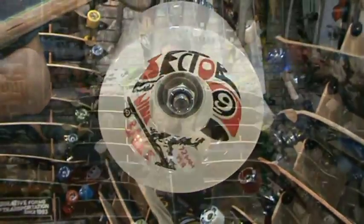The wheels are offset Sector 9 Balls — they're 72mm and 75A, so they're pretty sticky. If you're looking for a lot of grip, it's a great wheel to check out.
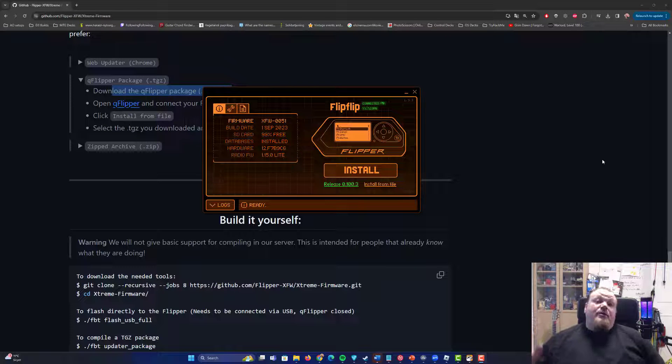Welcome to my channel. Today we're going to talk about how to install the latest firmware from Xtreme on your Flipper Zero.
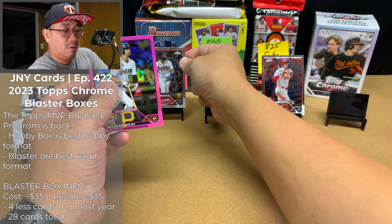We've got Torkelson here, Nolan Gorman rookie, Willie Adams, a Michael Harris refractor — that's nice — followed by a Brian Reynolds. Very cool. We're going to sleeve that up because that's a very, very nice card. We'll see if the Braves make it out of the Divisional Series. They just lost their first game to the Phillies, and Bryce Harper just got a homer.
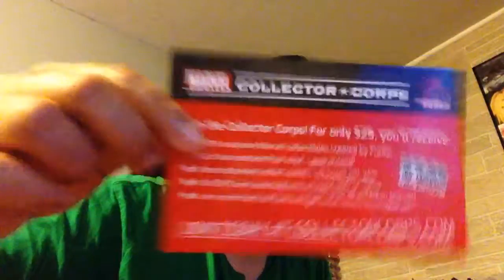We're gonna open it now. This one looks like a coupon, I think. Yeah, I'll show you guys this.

--

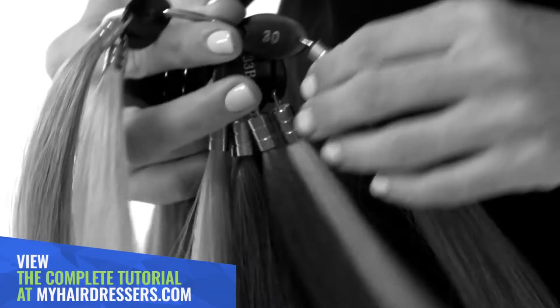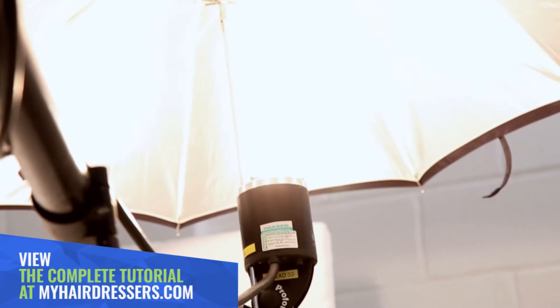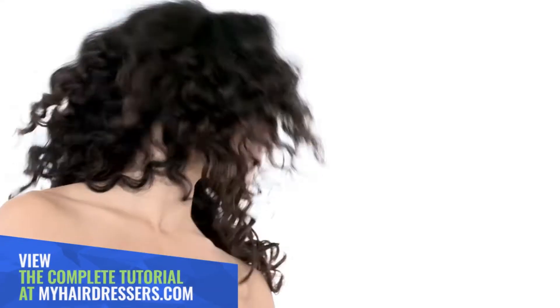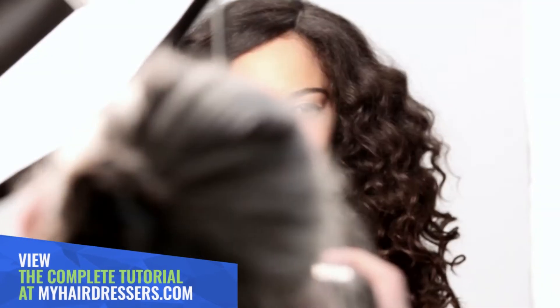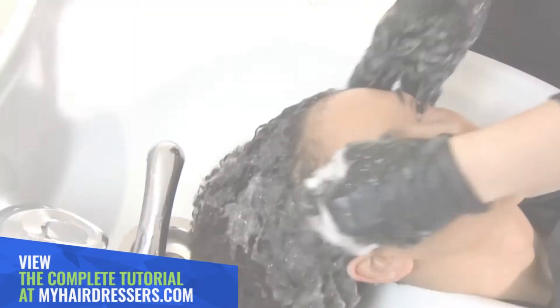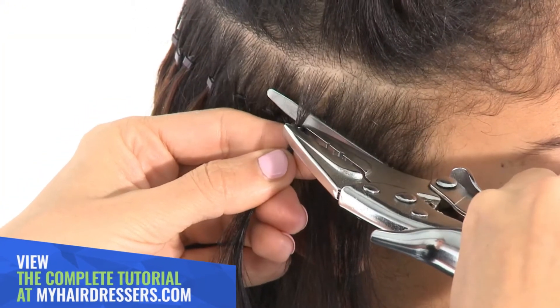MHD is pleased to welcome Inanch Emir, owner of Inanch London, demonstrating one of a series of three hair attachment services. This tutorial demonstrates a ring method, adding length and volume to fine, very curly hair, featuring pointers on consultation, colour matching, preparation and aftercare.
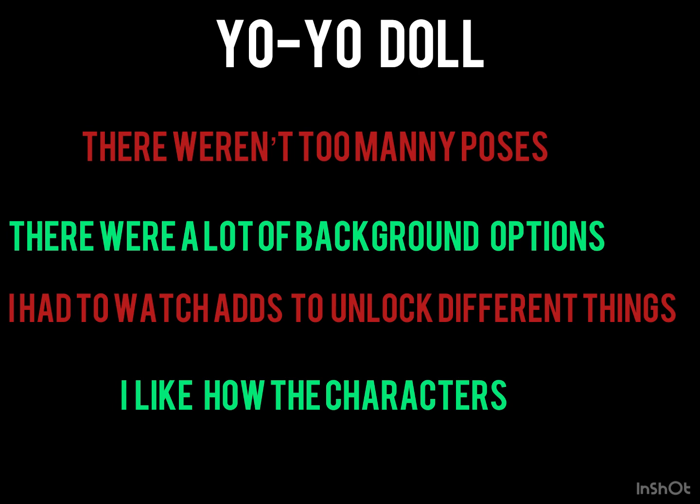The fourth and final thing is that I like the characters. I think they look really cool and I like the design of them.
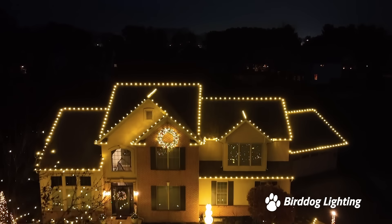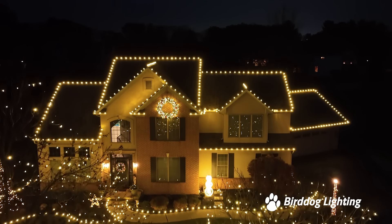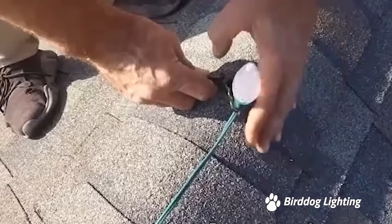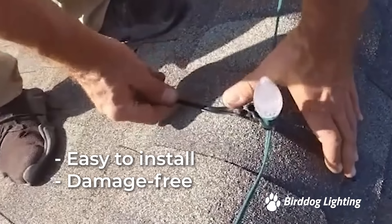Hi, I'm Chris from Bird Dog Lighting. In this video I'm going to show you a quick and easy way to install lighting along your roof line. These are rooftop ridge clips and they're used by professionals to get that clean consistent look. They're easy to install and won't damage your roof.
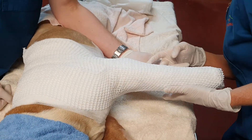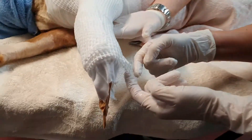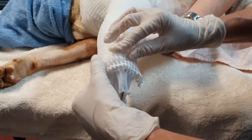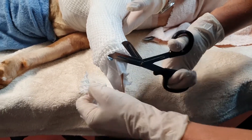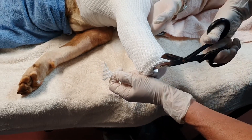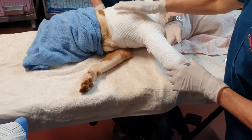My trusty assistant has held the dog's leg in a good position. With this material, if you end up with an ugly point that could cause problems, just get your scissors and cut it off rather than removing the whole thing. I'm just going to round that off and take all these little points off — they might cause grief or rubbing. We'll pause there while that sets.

### WHAT NEEDS TO BE DONE:
Go down the entries above from the line containing "The wheels are" to the line containing "Welcome to my" and write out each line exactly, leaving pictures out.

### TASK OUTPUT:
The wheels are offset Sector 9 Balls — they're 72mm and 75A, so they're pretty sticky. If you're looking for a lot of grip, it's a great wheel to check out.
Welcome to my channel. Today we're going to talk about how to install the latest firmware from Xtreme on your Flipper Zero.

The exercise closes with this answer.